そして、昴を見下ろす新次郎の目に見えたのは、唇を割って出るピンク色の舌。
昴は、その舌で新次郎の五輪のアザを一舐めする。
「はぅっ!?」
少しざらりとした感触が新次郎の身体を這う。
そして、新次郎は真っ赤になった。顔所か身体全体を赤くして、背をぴんと張り直立不動で固まってしまう。
湯に浸かり上気した肌は更に熱を持ち、今にも何処からか煙を噴出しそうだ。
「……………」
昴は、ゆっくりと新次郎の身体から顔を離し。それから、もう一度新次郎の顔を見上げる。
勝ち誇った笑みを称えた顔で。
「!!!!!!!?」
その昴の笑みを見た瞬間。直立不動だった新次郎は、今度はバネの壊れた玩具のように動き出して、昴の肩を掴み自分から慌てて遠ざける。
俯いたままで新次郎の表情は見えないが、耳まで真っ赤な所為でどんな表情か、昴には手に取るように解ってしまう。
「ぼっ!ぼぼぼぼ、ぼく!もう一度お風呂はいってきますっ!!」
言うが早いか、脱兎の如く駆け出して行く新次郎。
そんな新次郎の反応を予想だにしていなかったのか、昴は少し驚いた表情でその背を見送って。
―――ドボォンッ!!
盛大な水音と水しぶきが舞った。
「…………昴は思った。……少し、やりすぎたと……」
扇で口元を隠しながら、くくくと笑う昴。
これは、着替えを持って来てやらなくてはな。そう思えば、昴は踵を返し脱衣所を後にする。

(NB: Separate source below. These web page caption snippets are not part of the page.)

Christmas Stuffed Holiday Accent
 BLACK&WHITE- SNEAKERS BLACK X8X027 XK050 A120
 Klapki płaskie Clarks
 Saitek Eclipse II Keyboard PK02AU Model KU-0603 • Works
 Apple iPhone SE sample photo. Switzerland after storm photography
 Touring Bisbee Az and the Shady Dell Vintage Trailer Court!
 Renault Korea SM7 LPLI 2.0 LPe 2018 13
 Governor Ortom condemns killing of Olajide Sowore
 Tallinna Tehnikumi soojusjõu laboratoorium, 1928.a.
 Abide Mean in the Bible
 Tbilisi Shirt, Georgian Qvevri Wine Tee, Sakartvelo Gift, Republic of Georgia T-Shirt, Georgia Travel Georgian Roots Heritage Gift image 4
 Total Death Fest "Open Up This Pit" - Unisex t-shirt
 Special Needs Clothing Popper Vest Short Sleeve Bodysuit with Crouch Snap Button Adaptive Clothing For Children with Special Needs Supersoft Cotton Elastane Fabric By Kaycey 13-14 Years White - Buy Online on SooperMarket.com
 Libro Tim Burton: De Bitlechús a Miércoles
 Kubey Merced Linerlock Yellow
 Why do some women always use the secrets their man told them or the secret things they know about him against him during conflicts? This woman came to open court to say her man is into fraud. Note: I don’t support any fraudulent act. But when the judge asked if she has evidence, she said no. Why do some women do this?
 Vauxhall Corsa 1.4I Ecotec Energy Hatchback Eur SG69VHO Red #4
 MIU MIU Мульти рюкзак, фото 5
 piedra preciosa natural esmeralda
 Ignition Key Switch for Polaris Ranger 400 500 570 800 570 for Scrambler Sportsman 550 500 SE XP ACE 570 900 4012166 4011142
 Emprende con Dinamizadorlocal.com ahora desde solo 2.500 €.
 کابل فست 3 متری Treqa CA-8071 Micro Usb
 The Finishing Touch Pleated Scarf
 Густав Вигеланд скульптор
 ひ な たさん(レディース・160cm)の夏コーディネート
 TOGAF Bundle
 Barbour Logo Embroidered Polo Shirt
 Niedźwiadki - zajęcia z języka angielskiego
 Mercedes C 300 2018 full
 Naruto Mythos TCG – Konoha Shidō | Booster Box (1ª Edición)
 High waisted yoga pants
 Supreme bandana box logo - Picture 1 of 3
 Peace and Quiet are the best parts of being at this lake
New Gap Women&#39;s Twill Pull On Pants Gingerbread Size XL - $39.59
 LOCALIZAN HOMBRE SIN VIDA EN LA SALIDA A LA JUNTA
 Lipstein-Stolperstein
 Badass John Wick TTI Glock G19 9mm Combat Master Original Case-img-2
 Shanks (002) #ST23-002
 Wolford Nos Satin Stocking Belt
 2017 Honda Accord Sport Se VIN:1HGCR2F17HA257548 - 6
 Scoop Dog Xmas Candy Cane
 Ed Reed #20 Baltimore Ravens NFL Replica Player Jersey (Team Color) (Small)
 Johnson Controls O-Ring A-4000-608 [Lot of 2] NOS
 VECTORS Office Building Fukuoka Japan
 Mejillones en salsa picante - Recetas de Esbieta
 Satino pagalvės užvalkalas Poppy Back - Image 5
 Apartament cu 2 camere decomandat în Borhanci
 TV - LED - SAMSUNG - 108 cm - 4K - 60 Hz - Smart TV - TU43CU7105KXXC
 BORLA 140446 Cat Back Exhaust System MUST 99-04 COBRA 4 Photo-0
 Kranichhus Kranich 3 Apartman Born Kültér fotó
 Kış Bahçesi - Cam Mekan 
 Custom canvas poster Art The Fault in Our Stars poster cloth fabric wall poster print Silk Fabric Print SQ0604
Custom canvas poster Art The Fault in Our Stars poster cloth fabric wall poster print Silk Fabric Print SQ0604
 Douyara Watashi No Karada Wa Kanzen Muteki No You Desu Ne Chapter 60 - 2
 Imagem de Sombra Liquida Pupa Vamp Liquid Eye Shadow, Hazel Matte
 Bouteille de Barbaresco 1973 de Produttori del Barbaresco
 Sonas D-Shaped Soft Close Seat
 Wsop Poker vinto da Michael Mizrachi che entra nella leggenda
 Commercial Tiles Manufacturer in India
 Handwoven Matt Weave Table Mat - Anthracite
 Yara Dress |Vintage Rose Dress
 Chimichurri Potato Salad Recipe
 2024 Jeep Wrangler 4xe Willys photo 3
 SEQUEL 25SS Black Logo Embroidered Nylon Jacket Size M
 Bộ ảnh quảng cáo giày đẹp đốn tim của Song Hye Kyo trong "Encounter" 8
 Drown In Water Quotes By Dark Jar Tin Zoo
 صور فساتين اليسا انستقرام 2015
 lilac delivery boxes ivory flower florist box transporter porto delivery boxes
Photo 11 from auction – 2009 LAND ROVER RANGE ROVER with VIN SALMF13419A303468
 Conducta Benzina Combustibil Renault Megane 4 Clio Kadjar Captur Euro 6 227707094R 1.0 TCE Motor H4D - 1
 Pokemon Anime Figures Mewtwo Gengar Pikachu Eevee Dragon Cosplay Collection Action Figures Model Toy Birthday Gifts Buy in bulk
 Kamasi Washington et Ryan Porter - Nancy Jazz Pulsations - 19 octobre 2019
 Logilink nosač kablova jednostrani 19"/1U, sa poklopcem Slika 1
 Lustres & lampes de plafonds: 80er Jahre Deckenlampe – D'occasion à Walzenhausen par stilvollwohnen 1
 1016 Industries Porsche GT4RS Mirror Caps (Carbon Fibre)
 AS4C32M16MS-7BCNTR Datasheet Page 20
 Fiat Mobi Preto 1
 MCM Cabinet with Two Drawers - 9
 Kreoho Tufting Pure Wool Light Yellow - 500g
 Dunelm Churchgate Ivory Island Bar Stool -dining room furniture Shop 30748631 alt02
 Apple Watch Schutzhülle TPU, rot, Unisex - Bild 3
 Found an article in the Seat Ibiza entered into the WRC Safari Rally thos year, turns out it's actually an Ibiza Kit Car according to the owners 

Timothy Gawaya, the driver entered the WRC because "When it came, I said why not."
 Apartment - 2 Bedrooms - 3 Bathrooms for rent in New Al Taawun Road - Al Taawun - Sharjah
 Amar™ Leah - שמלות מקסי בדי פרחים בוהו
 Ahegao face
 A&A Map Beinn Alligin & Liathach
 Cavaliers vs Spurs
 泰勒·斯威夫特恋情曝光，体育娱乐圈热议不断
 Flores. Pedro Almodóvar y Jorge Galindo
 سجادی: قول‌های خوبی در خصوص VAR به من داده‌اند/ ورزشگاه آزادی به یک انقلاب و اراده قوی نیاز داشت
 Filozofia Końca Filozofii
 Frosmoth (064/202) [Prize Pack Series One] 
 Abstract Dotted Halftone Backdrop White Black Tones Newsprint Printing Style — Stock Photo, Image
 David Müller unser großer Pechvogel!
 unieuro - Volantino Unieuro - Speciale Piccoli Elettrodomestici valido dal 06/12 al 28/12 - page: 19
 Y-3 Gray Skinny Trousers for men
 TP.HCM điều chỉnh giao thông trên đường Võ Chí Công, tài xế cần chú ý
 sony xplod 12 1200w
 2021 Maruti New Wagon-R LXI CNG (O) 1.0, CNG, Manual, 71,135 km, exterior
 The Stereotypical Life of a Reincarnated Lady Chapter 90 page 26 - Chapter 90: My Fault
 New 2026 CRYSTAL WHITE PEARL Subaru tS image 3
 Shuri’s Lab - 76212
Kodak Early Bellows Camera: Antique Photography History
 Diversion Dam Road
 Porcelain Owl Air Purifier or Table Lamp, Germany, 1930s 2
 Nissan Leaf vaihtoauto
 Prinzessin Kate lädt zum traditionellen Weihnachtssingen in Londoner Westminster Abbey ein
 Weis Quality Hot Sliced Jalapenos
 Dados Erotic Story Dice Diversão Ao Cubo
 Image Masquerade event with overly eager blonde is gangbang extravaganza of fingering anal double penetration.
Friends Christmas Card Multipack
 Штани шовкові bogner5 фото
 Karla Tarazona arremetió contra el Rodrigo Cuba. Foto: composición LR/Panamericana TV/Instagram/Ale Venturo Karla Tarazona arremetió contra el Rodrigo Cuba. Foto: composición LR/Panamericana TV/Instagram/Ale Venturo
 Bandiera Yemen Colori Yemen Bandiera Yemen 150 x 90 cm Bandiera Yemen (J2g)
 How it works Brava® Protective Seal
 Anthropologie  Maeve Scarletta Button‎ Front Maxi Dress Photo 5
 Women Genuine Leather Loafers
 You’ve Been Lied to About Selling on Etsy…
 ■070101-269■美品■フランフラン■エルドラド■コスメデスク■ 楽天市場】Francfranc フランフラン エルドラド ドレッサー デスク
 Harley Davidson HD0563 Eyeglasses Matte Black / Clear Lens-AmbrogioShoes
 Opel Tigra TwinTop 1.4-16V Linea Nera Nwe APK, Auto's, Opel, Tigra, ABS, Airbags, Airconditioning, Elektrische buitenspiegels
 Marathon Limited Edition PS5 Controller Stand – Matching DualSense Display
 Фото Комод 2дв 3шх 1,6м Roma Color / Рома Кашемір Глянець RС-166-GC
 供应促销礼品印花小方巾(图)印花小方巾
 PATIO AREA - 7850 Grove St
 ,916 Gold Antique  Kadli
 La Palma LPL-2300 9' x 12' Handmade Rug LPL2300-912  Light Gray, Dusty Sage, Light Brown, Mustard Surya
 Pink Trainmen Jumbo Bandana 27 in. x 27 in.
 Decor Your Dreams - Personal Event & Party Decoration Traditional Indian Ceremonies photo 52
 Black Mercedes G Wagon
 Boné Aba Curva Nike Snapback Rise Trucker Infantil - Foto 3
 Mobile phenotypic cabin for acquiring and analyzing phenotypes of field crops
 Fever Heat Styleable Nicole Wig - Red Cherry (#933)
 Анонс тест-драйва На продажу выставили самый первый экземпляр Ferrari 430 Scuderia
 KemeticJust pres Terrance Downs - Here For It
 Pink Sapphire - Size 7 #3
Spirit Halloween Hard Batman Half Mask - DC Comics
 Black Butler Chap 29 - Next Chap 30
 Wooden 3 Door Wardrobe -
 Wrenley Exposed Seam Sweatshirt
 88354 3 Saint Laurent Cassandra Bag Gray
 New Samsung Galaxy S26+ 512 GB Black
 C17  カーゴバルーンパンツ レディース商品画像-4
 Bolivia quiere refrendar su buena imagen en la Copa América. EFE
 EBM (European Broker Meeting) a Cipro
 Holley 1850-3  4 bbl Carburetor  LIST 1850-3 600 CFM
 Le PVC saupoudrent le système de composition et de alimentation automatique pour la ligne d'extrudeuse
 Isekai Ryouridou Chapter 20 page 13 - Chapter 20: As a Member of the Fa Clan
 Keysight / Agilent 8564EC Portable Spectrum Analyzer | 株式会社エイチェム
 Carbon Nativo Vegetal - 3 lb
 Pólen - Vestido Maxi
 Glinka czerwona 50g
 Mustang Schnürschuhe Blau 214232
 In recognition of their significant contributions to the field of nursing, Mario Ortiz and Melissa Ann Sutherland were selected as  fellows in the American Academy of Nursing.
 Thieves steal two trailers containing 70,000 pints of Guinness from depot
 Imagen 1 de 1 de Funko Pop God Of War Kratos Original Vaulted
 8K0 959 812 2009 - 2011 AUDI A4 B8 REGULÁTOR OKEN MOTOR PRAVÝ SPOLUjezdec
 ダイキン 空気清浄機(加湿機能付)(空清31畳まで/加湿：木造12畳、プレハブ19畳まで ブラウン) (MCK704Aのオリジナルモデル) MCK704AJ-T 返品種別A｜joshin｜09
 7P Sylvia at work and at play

脱衣所から出て、ふと昴は夜空を見上げた。其処には満月がぽつりと。
「……そう、キミは知らなくていいんだよ。新次郎」
静寂が流れる。そして、幾許かも経たぬ内に昴は小さな苦笑を零して歩き出す。
「着替えといっても、プチミント辺りの衣装しかないな」
小さく微笑んでから。
「仕方ない。今日は、責任持って送っていってあげよう」
実に楽しそうにそう呟けば、足早に衣裳部屋へと向かう。
屋上から昴の姿が消えてから暫し……。
「うぁぁぁ゛~」
風呂場から聞こえる唸り声。
「ぼ、ぼくだって、男なんですからねぇ~」
風呂の中に屈んだまま、出て来れない新次郎の姿がある。
暫くして、プチミントが肩を落として昴と共に帰って行く姿があったとか―――。